#### [What is expected]
I would like each line of the data that holds the word "Photo" copied out.

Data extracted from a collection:
Segment Open
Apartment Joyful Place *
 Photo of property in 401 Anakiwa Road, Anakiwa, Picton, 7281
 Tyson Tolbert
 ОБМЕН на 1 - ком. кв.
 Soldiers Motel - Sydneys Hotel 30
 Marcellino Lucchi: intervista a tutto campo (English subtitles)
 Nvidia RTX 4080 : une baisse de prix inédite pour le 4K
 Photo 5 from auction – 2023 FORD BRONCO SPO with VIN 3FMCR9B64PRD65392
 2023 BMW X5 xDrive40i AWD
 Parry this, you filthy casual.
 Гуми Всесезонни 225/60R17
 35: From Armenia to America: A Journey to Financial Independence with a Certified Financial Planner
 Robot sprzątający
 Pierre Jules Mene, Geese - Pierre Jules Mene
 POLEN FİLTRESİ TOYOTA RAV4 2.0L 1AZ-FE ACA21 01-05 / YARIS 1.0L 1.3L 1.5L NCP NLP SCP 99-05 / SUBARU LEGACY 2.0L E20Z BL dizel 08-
Segment Closed
#### [Expected output]
 Photo of property in 401 Anakiwa Road, Anakiwa, Picton, 7281
 Photo 5 from auction – 2023 FORD BRONCO SPO with VIN 3FMCR9B64PRD65392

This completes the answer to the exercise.